American news media are geared toward Americans, not an international audience, Blair pointed out. And foreign news media based in the United States tend to focus on the U.S. government, not on average Americans.
So in 2001, Blair began gathering seasoned journalists from Russia and China who were in the United States for various reasons and launched the World Security Institute's International Media Division, an online news service offering in-depth articles to small newspapers, individual editors, academics and day-to-day readers around the world, free. More recently, he has added journalists with Iranian and Arab backgrounds to the group.
The journalists he recruited "are professionals who know the United States and who can interpret and explain America to their regions in their own language and in an interesting way," Blair said.
Their offerings include pieces about the process of selecting a Supreme Court justice in the United States, the U.S. intelligence debate on China's military power and recent scandals involving House Majority Leader Tom DeLay (R-Tex.).
The International Media Division offers several language-specific services: The Russian-language service, Washington ProFile, is cited more frequently in Russian media outlets than any other source, according to the Russian Web search engine Aport. The service also fills a void in the former Soviet republics, most of which do not have correspondents in Washington, Blair said.
The Chinese service, Washington Observer, reaches 300 million people a week in China, Blair said, and has offered articles about the proposed lifting of the European Union arms embargo, SARS and the Chinese bid, since withdrawn, to take over the U.S. oil company Unocal. It also includes features on Chinese Americans.
In Iran, both reformist and government newspapers have reprinted articles filed for the Farsi news service.
The International Media Division's parent group, the World Security Institute, is a global research organization based in Washington that was previously known as the Center for Defense Information. The CDI continues to research nuclear and military policy, but as a subdivision of the World Security Institute.
Blair, 58, used to focus on writing books and articles on security issues. But today he's likely to hand you a small fan of business cards carrying his various titles: president of the World Security Institute, president of CDI, executive producer of Azimuth Media, and so on. He jokes that he has "multiple personalities."
Blair grew up in Monticello, Ill., and earned a bachelor's degree in communications from the University of Illinois in 1970. He then entered the Air Force for four years, serving as a Minuteman ICBM launch control officer and support officer for the Strategic Air Command's Airborne Command Post.
He also trained on warplanes and on the launching of up to 50 missiles.
He earned a doctorate in operations research from Yale in 1984.

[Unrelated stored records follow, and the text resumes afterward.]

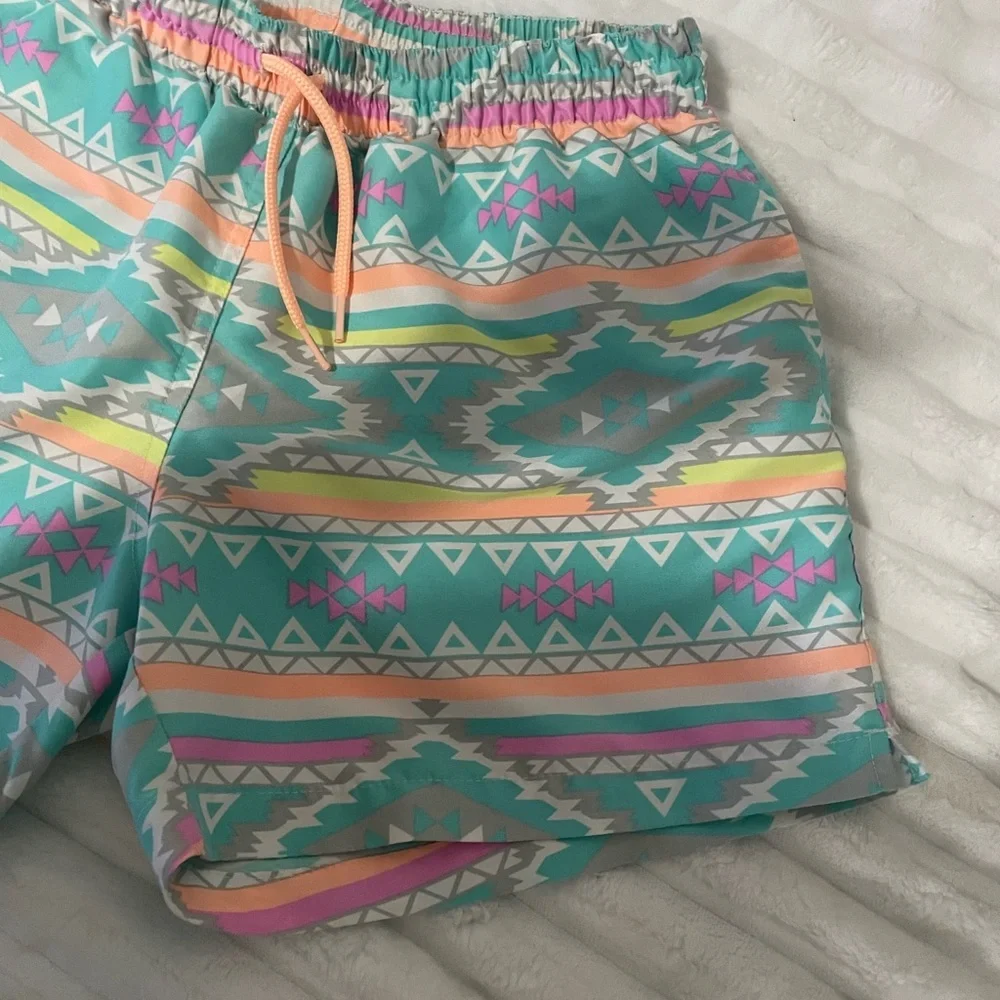 chubbies Turquoise Aztec Swim Trunks with Pink and Yellow Accents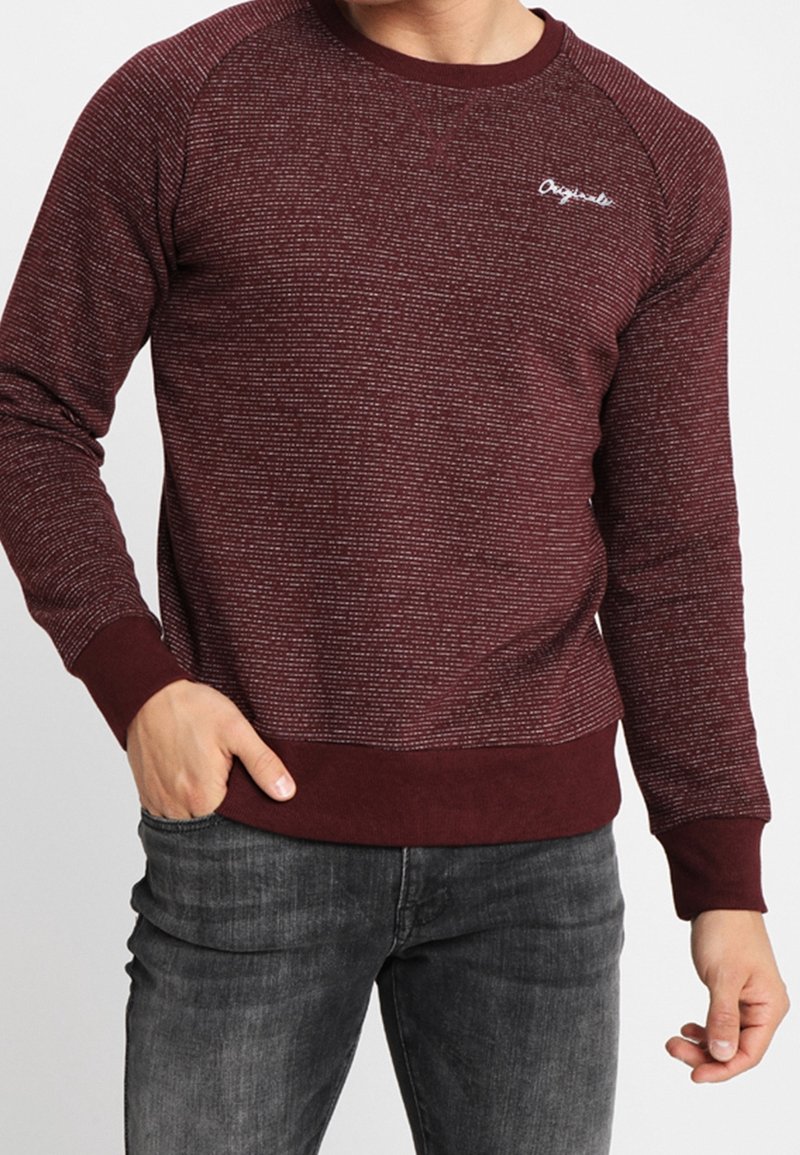 Homme portant un pull ajusté bordeaux texturé avec des poignets et un ourlet côtelés, associé à un jean gris foncé, main dans la poche.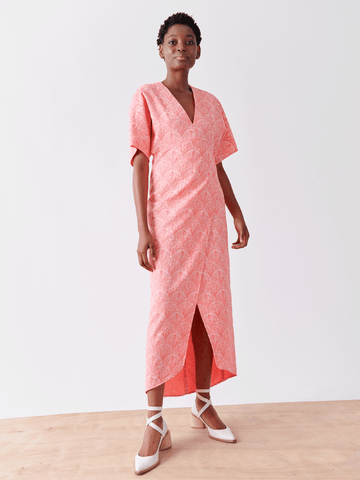 Against a plain background, a person wears the Wrap Eri Dress by Zero + Maria Cornejo, featuring pink floral patterns, short sleeves, and a V-neckline. Made from recycled polyester with a front slit, the look is completed with white block-heel strappy shoes.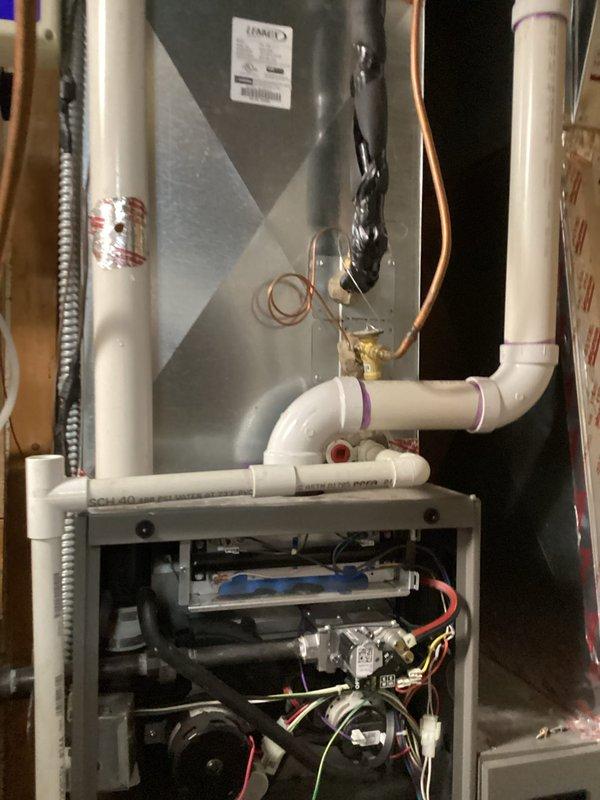 Performed scheduled maintenance tune-up on residential furnace unit with on-time arrival during 8-12 window. Inspected system components including blower motor, circuit board connections, and PVC ventilation piping. All systems functioning properly; no issues found.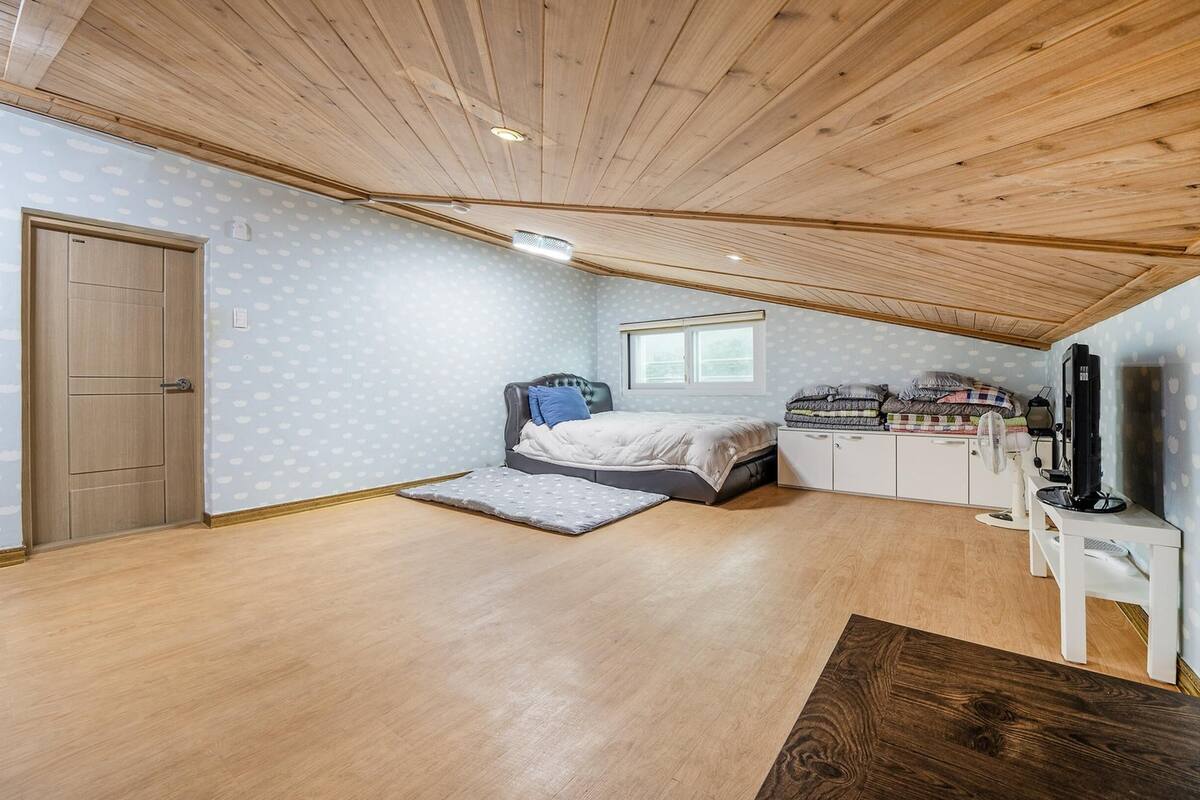 Een slaapkamer met een houten plafond, een bed met een grijze hoofdbord, een nachtkastje met een lamp, een televisie en een kledingkast.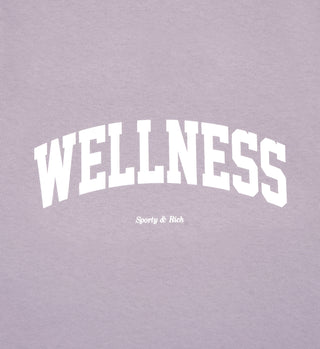 White text on a faded lilac background reads WELLNESS above Sporty & Rich, highlighting our Wellness Ivy T-Shirt - Faded Lilac/White—made in Los Angeles from 100% USA grown cotton.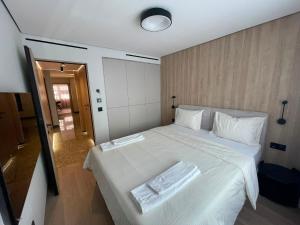 a bedroom with a white bed with two towels on it at Apartament 1 Lalelelor in Năsăud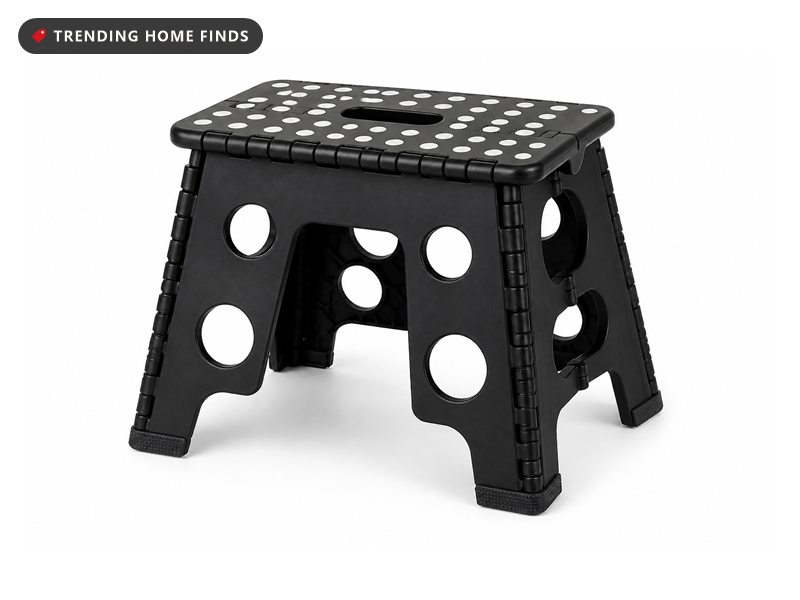 A black folding step stool with white non slip dots on the platform, standing open on a wood floor.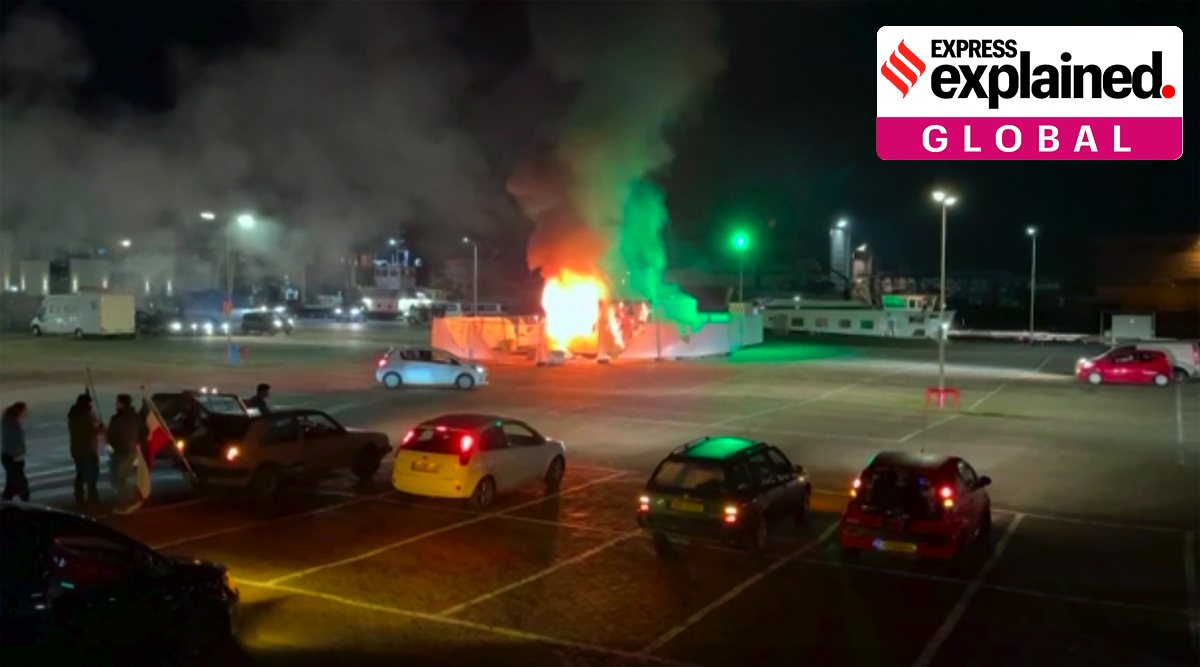 A COVID-19 testing center is seen after being set on fire in Urk, 80 kilometers (50 miles) northeast of Amsterdam, Saturday, Jan. 23, 2021. (Pro News via AP)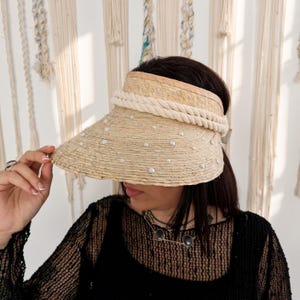 May include: A straw visor featuring a wide, natural-coloured woven brim adorned with scattered white pearl-like beads. The crown of the visor is wrapped with a thick, cream-coloured twisted rope trim that encircles the base of the headpiece.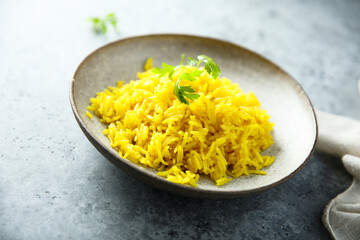 Canvas Print - Healthy vegan turmeric rice with fresh parsley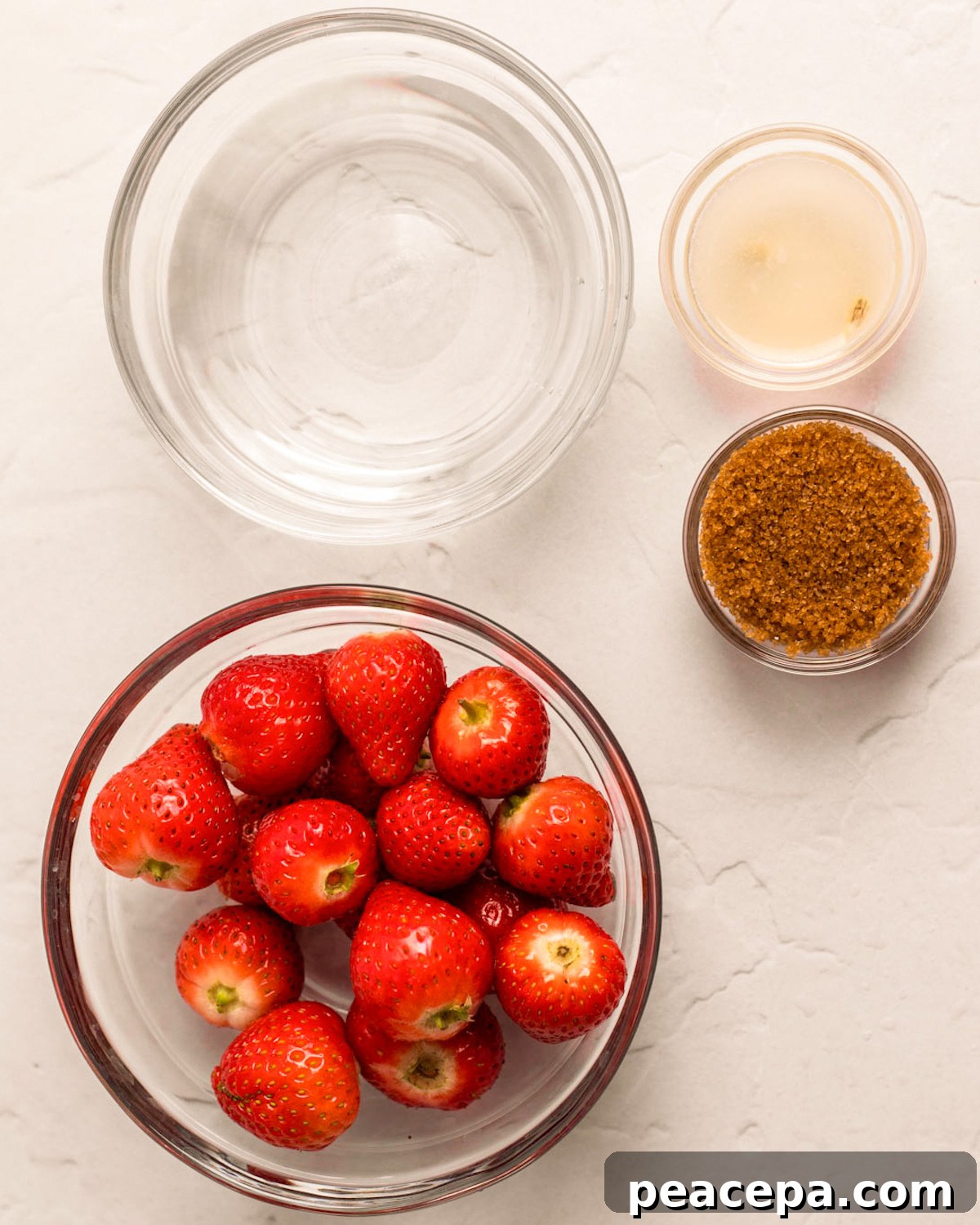 All of the ingredients for strawberry soda on the counter.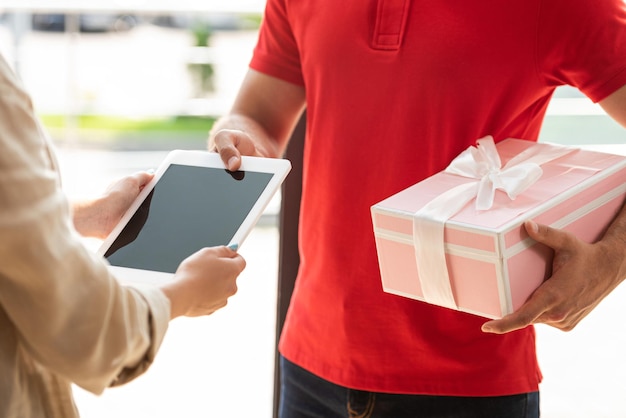 Bijgesneden beeld van bezorger die roze cadeau houdt en digitale tablet aan vrouw geeft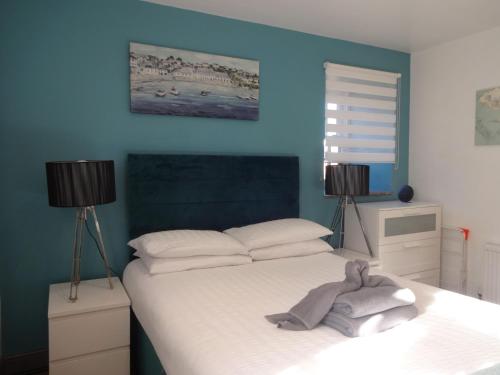 a bedroom with a bed with a towel on it at Dandy Lodge, Bowness-on-Solway in Bowness-on-Solway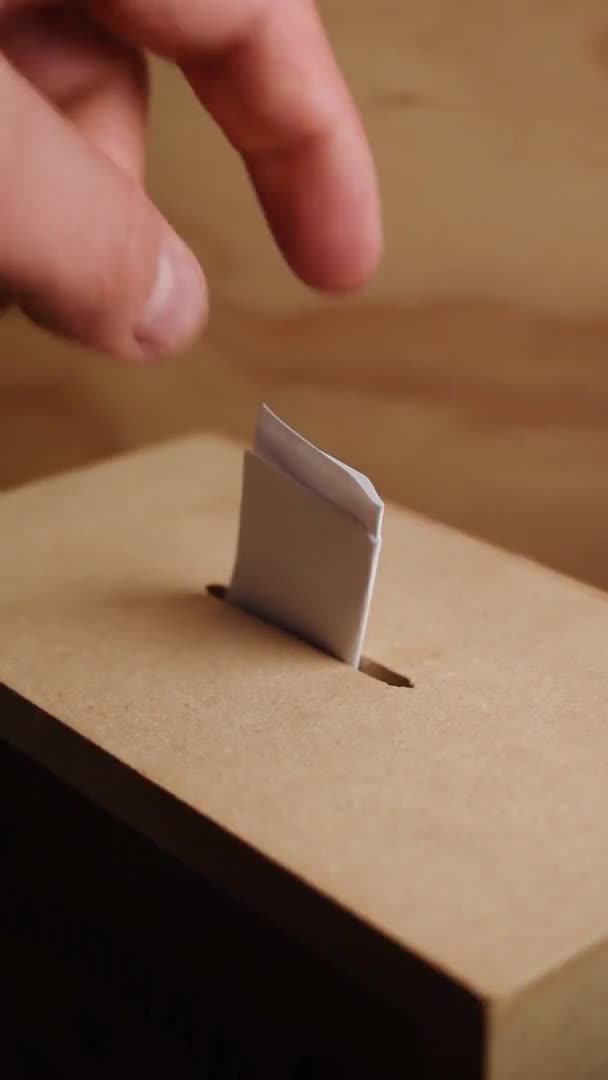 Hand casting vote in a wooden box - Filmati, video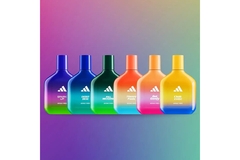Image Bottles of Adidas perfume lined in a row.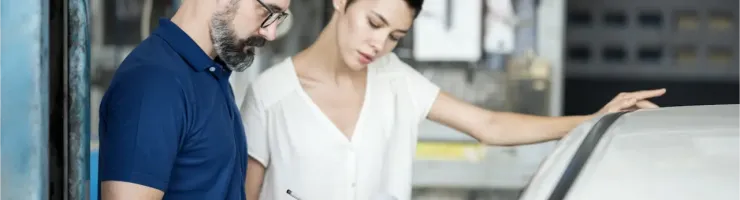 Un mécanicien et une femme regardent des documents près d'une voiture dans un garage.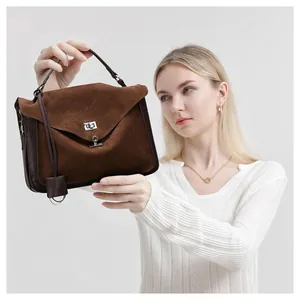 Detail of dark brown frosted suede messenger bag with silver metal twist lock closure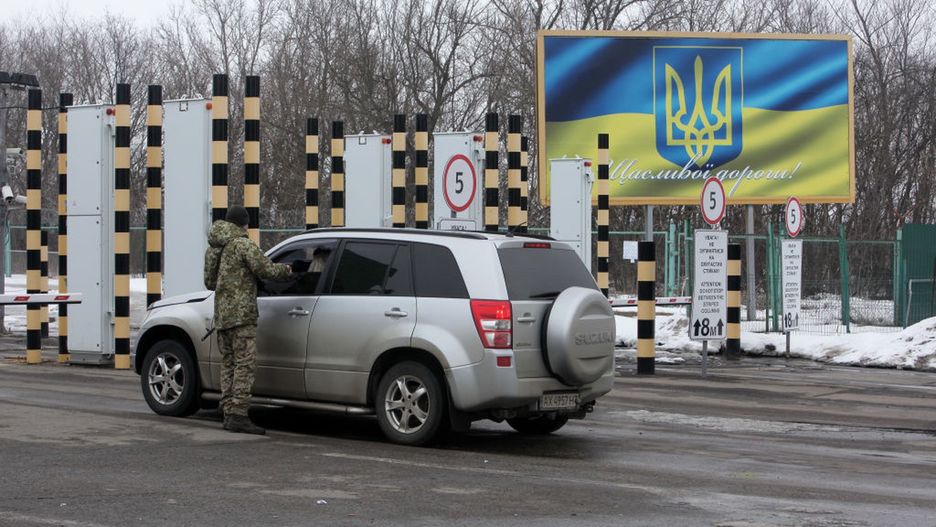 Ukraine-Russia border in Kharkiv RegionKHARKIV REGION, UKRAINE - FEBRUARY 16, 2022 - A border guard talks to a driver at the Hoptivka checkpoint on the Ukraine-Russia border, Kharkiv Region, northeastern Ukraine. (Photo credit should read Vyacheslav Madiyevskyy/ Ukrinform/Future Publishing via Getty Images)Future Publishingukraine crisis, ukraine conflict, ukraine-russia border, ukrainian border guard, ukrainian border guard service, kharkiv region, hoptivka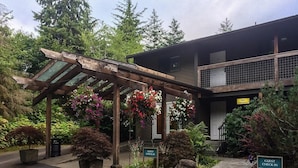A guest check-in area with a wooden pergola, potted plants, and a 'No Vacancy' sign. - Olympic Suites Inn (Forks)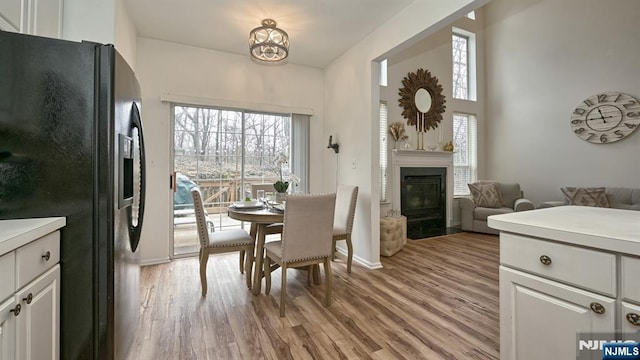 dining area featuring a wealth of natural light, a fireplace with flush hearth, light wood-style flooring, and baseboards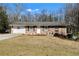 Inviting brick home with attached garage, complemented by a spacious front yard and cozy landscaping at 147 Windy Hill Sw Rd, Marietta, GA 30060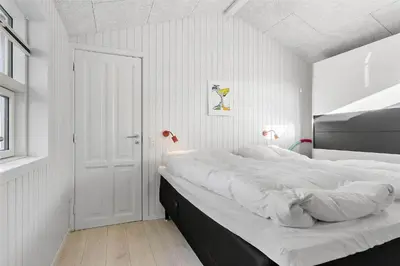 a bedroom with a large bed with white sheets at BL1455-Blokhus-Pirupshvarrekrogen-6 in Blokhus
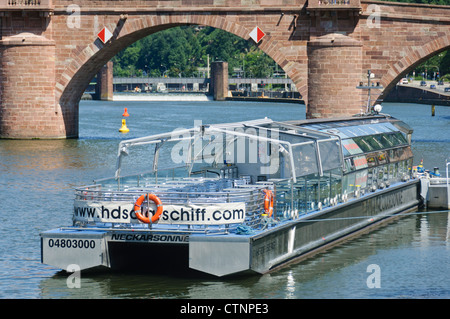 Heidelberg Germany - Solar catamaran Neckarsonne in front of the historical Old Bridge over the River Neckar and the ship lock Stock Photo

From 1982 to 1985, he worked at the now-defunct congressional Office of Technology Assessment. In 1987, he joined the Brookings Institution and remained there until 2000. In 1999, he was named a MacArthur fellow, an honor that comes with $350,000 to pursue one's dream or purpose.
At the World Security Institute, Blair has doubled his organization's budget in the past five years by urging donors to back efforts "to engage the world."
Blair credits Lynn Strauss, a former educator who lives in New York, for being the impetus behind the Farsi and Arabic services, which were launched this spring.
"We took a trip to Iran around 1999," Strauss said in a telephone interview, "and we were just so impressed by the way young people are for everything American. They seemed so dynamic and engaged. I felt we should be in close touch with them. As I heard of what Bruce was doing in Russia and China, I told him, 'You have got to do this in Farsi and Arabic.' " Strauss donated $1 million to the effort.
"I think there is a revolution underway," Blair said. "My dream is to find something lucrative to pay for our project at WSI and our fledgling operations. I'd like to figure out a model to become the Microsoft of NGOs. The purpose would not be to make money, but to subsidize our effort."